As an album that really isn’t
all that new or inventive (in the context of the band’s work), it’s good to know Overdose
is still an album with plenty of awesome individual songs. Much like the band’s career as a whole, the album exhibits great variety while staying faithful to their core sound, but it isn’t afraid to take daring leaps into new territory. Their songs are usually very upbeat and feel like daytime tunes, but a couple songs on Overdose
go for more of a nighttime feel, like “If I Were a Groupie” and “Shopping Bag”, mostly because they’re more laid-back and sleazy-sounding. Electronics are employed on “The Night Is Still Young”, the album’s 11-minute dance epic, but the track is so slow-burning and repetitive that you’ll have a hard time appreciating the band’s otherwise breezy attempt at a late night house song. Still, experimentation is never a forced thing for P5, which makes their sound accessible for those who’re new to their diverse genre. When Pizzicato Five play it safe though, it’s usually just as easy to appreciate as the band’s shots at experimentation. Singles “Happy Sad” and “On the Sunny Side of the Street” are among the group’s best songs, and they keep staples like horns and stylish retro appeal while remaining as soulful and fun as any of their other songs. The ratio of conventional P5 moments to those that try new things is about even on Overdose
As a whole album, one of its distinctive qualities includes noticeable Jackson 5 and Stevie Wonder-isms that expand on the band’s soul stylings (paying tribute to Wonder specifically), and that the album itself is themed around the city of New York.
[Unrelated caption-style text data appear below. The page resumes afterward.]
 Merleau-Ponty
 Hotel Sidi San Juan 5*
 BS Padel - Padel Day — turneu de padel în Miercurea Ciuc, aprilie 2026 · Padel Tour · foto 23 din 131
The “on the street” feel puts Overdose
in an interesting place, which isn’t surprising since Pizzicato Five are usually very good at executing themes with their music. Instruments are nice and varied throughout, only sounding terrible on one occasion (“Superstar’s” freaky-ass guitars, I don’t care how nifty the solo is later), and Maki Nomiya is still one of the better singers in the shibuya-kei genre, many of which use the squeaky crooning technique; her voice is mature and sophisticated and can travel alongside the band’s instruments wonderfully. One of P5’s best qualities is the sheer stability of their sound, not only genre-forging in its aesthetic but boldly able to stand fully-realized and flexible through all the changes and gambles they make. Their 1994 album certainly maintains this stability, but suffers from a tenuous limb every here and there. Ultimately, Overdose
remains in the shadow of bigger albums like This Year’s Girl
and Playboy & Playgirl
, and while it doesn’t not make sense to have such an affinity, it’s still worthy of a listen and a great album all the way through.